Begin at the line with "Twin Size Race" and output every line through the end of the records, exactly as given. Omit pictures.

((

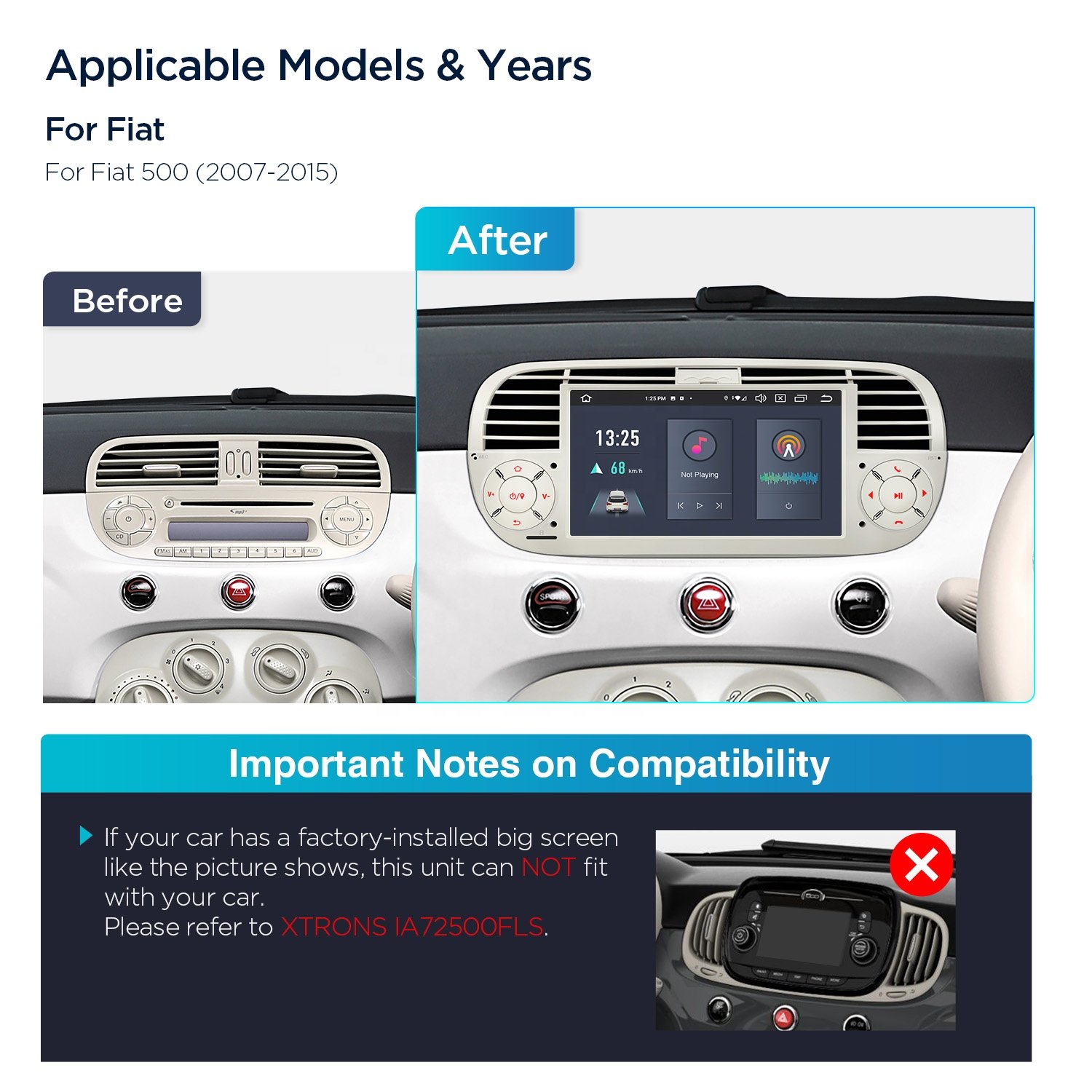 XTRONS 7" 1Din Android 13 Octa Core Car Radio For Fiat 500 2007-2015 Carplay Android Auto 4G LTE Car Android Screen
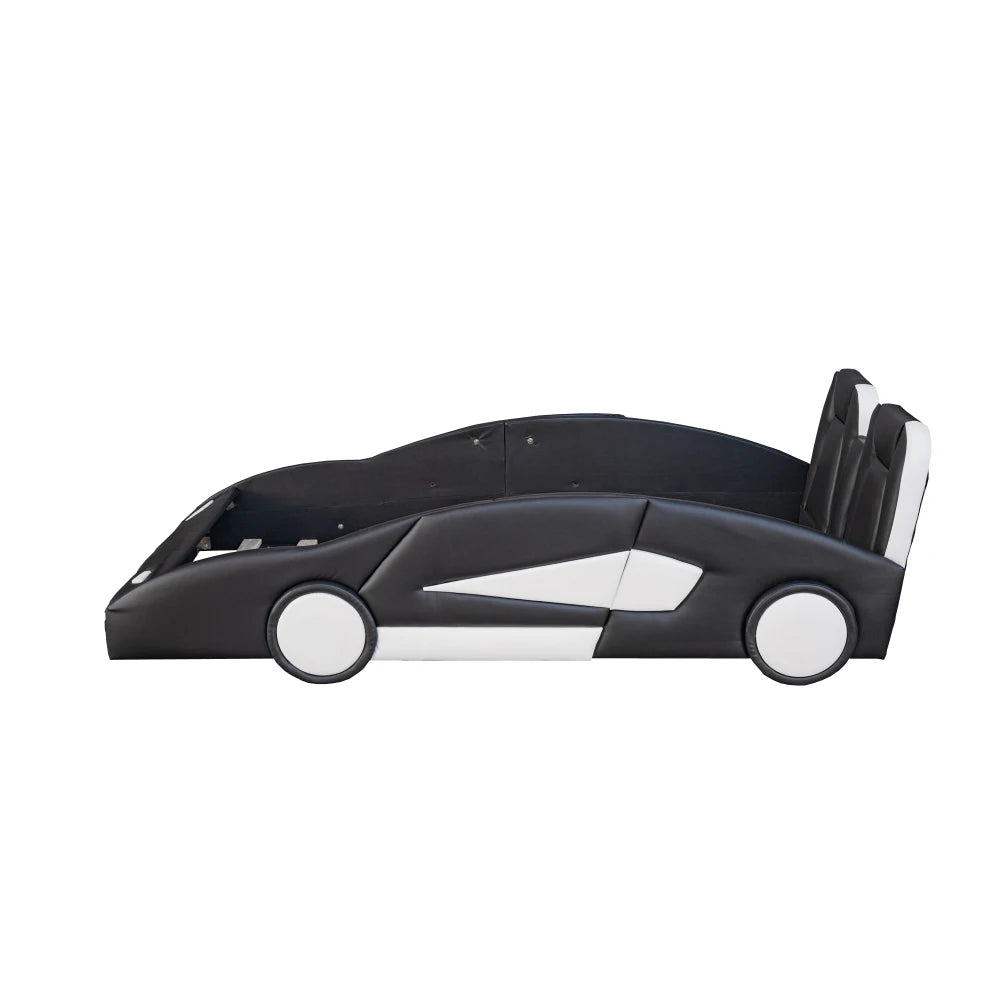 Twin Size Race Car-Shaped Platform Bed with Wheels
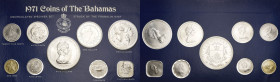 Bahamas
Elisabeth II. seit 1952 Münzset 1 Cent bis 5 Dollar 1971. Im Originaletui mit Zertifikat KM 2-8, 22-24 Prägefrisch
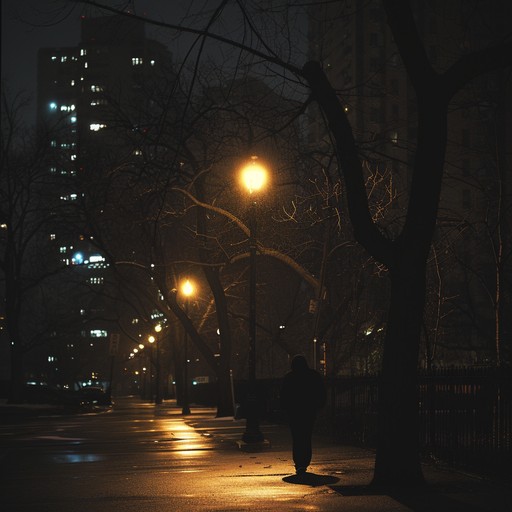 An introspective instrumental capturing the essence of solitary night walks, echoing with the soft touch of a piano under dim streetlights, evoking feelings of past love and nostalgia.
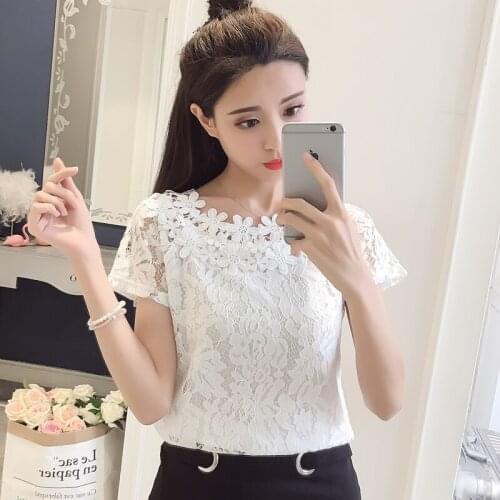 2021 Womens Lace Crochet Flower Blouses shirt Ladies Casual Solid color Short Sleeve Shirts female Summer o neck Hollow Out Tops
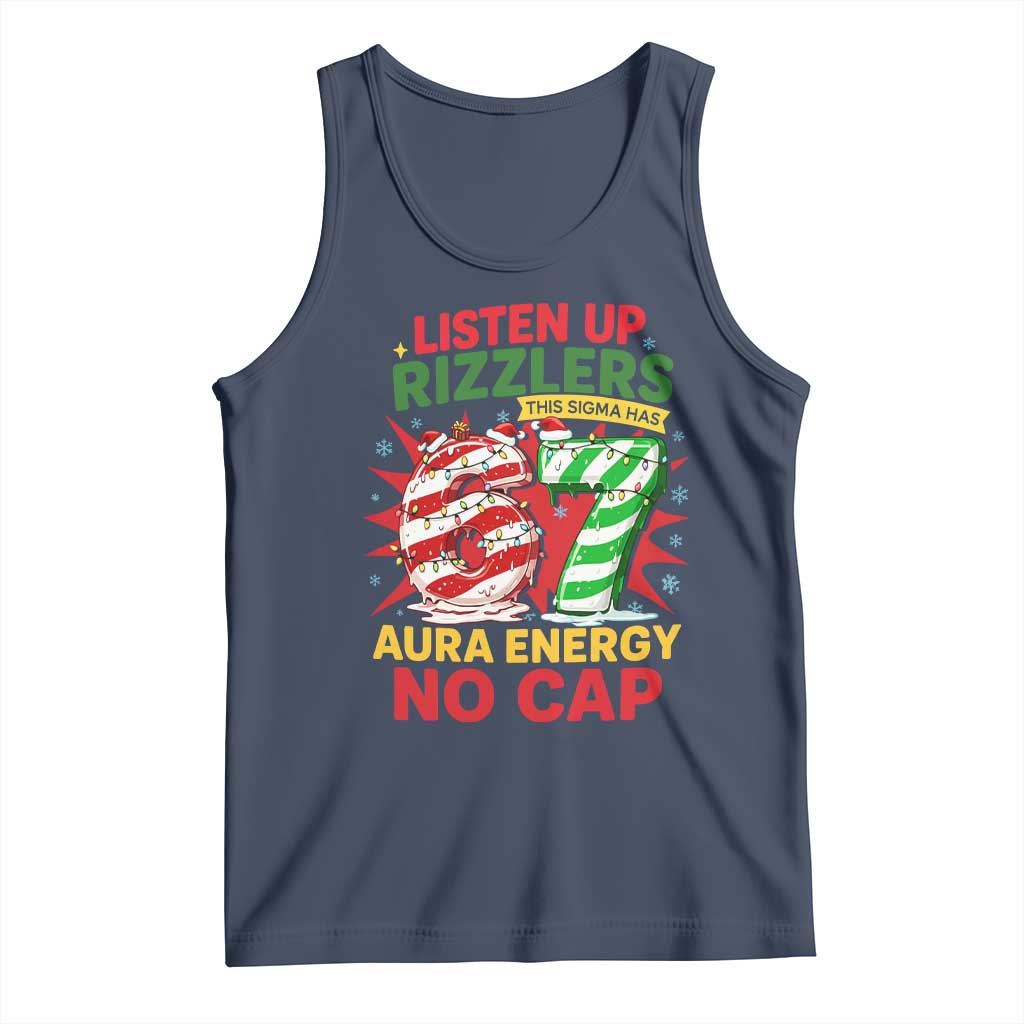 Funny Christmas 67 Meme Tank Top Listen Up Rizzlers This Sigma Has 67 Aura Energy No Cap - Wonder Print Shop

))

Written answer:
 Twin Size Race Car-Shaped Platform Bed with Wheels
 Bahamas
Elisabeth II. seit 1952 Münzset 1 Cent bis 5 Dollar 1971. Im Originaletui mit Zertifikat KM 2-8, 22-24 Prägefrisch
 An introspective instrumental capturing the essence of solitary night walks, echoing with the soft touch of a piano under dim streetlights, evoking feelings of past love and nostalgia.
 2021 Womens Lace Crochet Flower Blouses shirt Ladies Casual Solid color Short Sleeve Shirts female Summer o neck Hollow Out Tops
 Funny Christmas 67 Meme Tank Top Listen Up Rizzlers This Sigma Has 67 Aura Energy No Cap - Wonder Print Shop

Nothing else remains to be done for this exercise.